:: EXERCISE GOAL ::
With pictures left out, please repeat word for word the lines from the one containing "Concept Club Водолазка - фото 1" through the end of the records.

:: DATA SHOWN ::
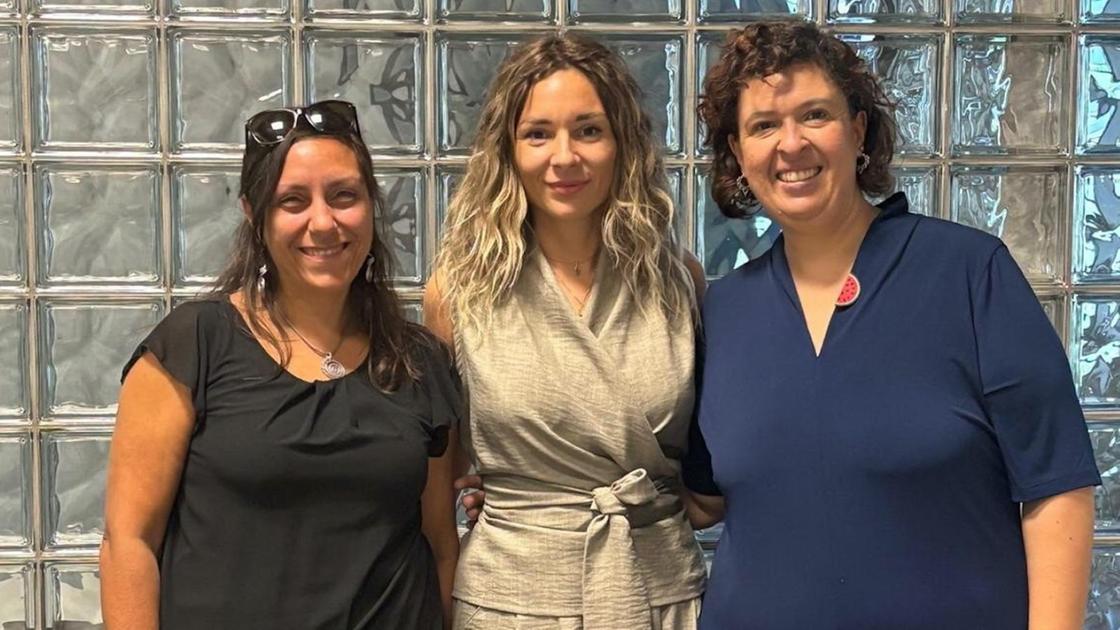 Un volontariato d’impresa. L’azienda dei giovani ora si allea con il territorio Un volontariato d’impresa. L’azienda dei giovani ora si allea con il territorio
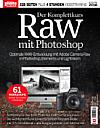 Raw mit Photoshop 2016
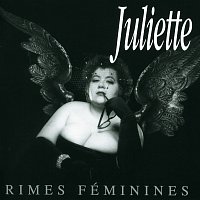 Juliette – Rimes Feminines
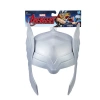 HASBRO AVENGERS THOR MASKE CC0483/B9945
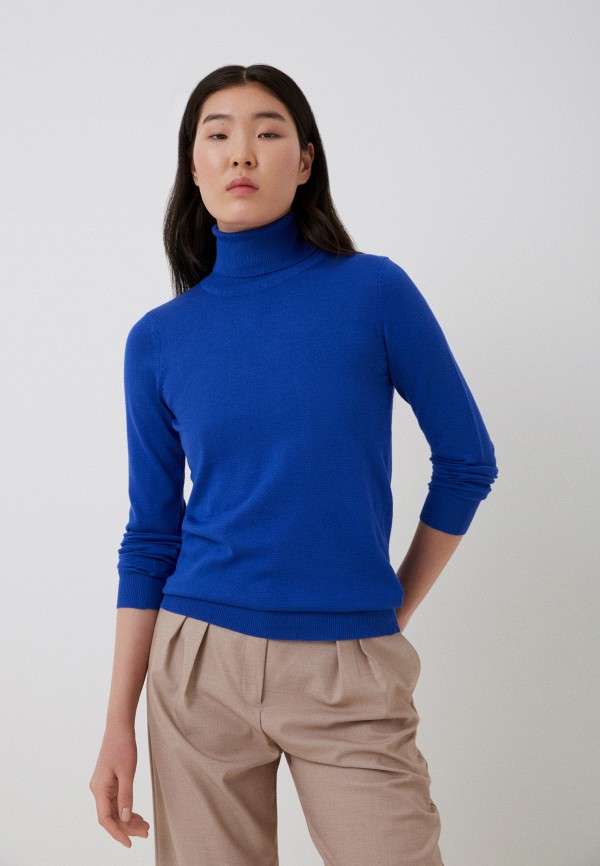 Concept Club Водолазка - фото 1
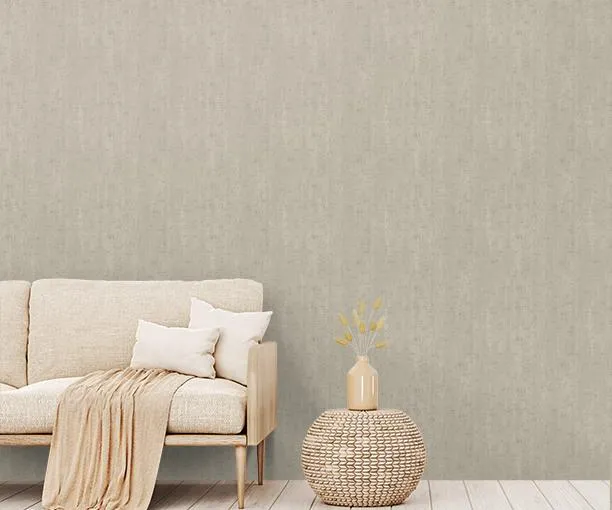 Обои для стен Architector Tivoli FR01015 #5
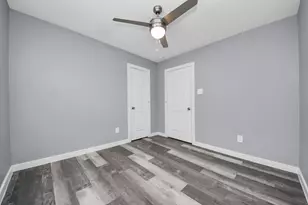 618 Maple Way, Houston, TX 77015 - Photo 22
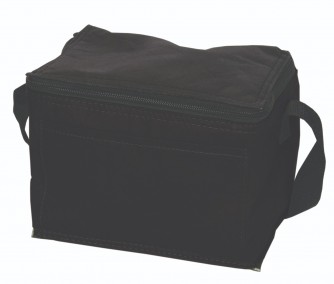 Non Woven Cooler / Lunch Bag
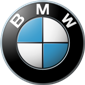 BMW Motors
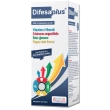 difesaplus 200ml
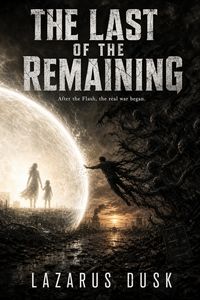 Produktbild: The last of remaining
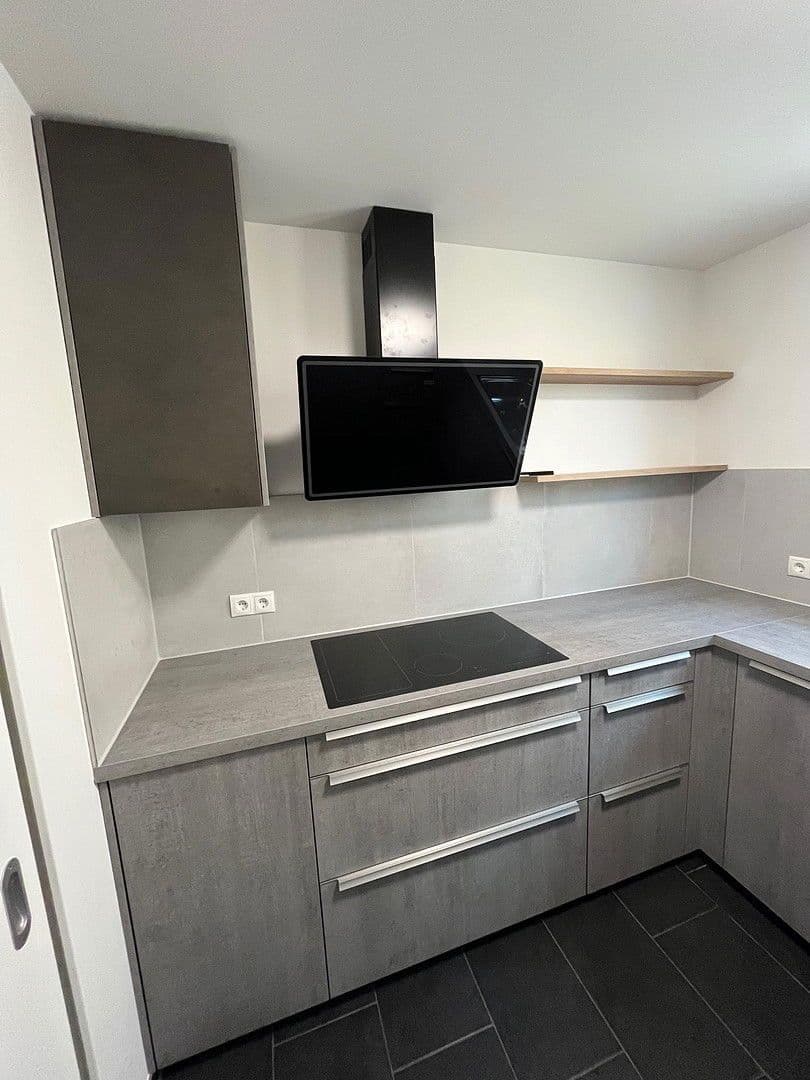 house to rent, 149 m², Vogelbeergweg 4, Ehningen, Baden-Württemberg house to rent, 149 m², Vogelbeergweg 4, Ehningen, Baden-Württemberg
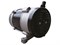 Бензиновый генератор Hyundai HHY 3000FE Бензиновый генератор Hyundai HHY 3000FE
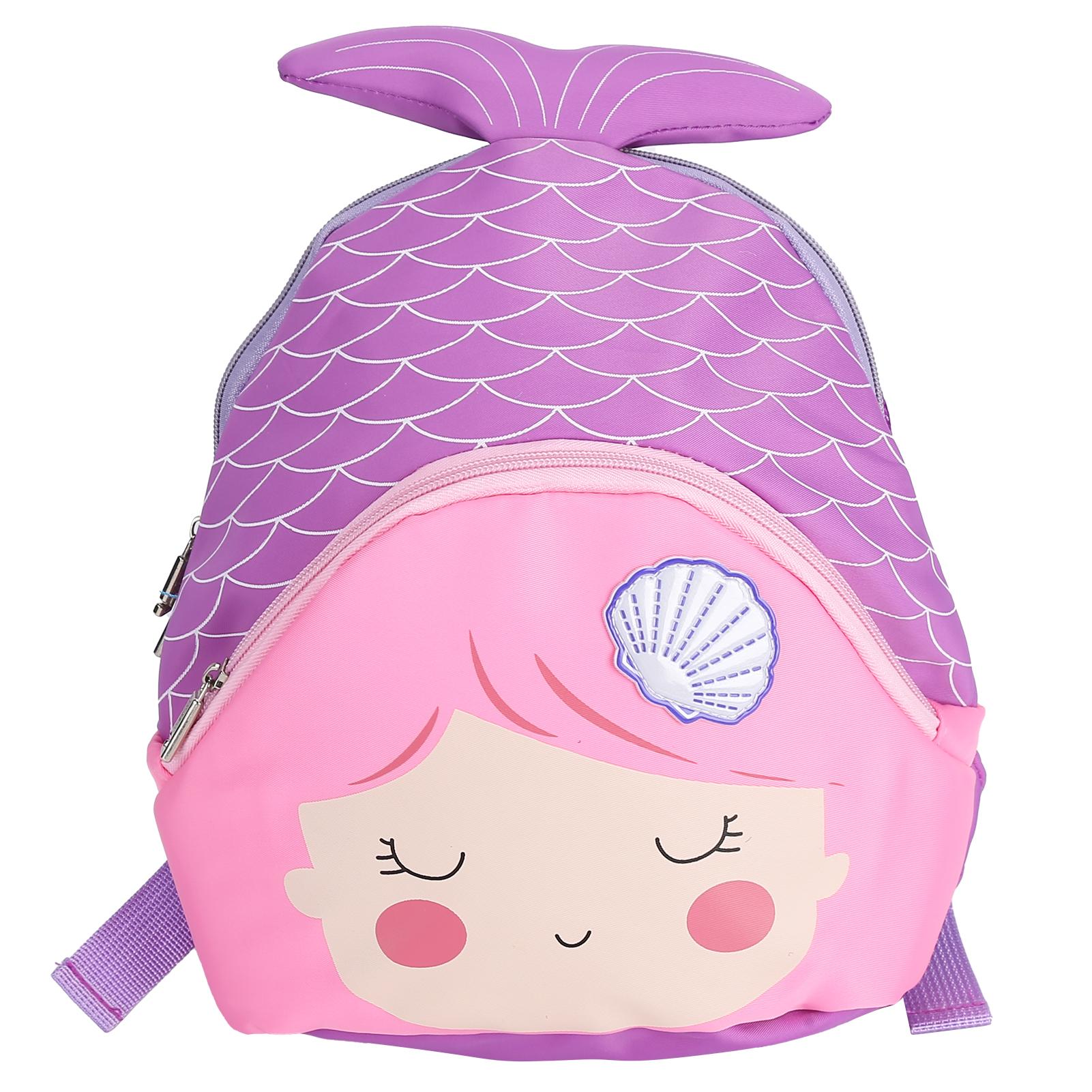 Toddler Cartoon Backpack Baby Kindergarten School Bags Kid s Oxford Fabric Schoolbag
Toddler Cartoon Backpack Baby Kindergarten School Bags Kid s Oxford Fabric Schoolbag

:: TASK RESPONSE ::
 Concept Club Водолазка - фото 1
 Обои для стен Architector Tivoli FR01015 #5
 618 Maple Way, Houston, TX 77015 - Photo 22
 Non Woven Cooler / Lunch Bag
 BMW Motors
 difesaplus 200ml
 Produktbild: The last of remaining
 house to rent, 149 m², Vogelbeergweg 4, Ehningen, Baden-Württemberg house to rent, 149 m², Vogelbeergweg 4, Ehningen, Baden-Württemberg
 Бензиновый генератор Hyundai HHY 3000FE Бензиновый генератор Hyundai HHY 3000FE
 Toddler Cartoon Backpack Baby Kindergarten School Bags Kid s Oxford Fabric Schoolbag
Toddler Cartoon Backpack Baby Kindergarten School Bags Kid s Oxford Fabric Schoolbag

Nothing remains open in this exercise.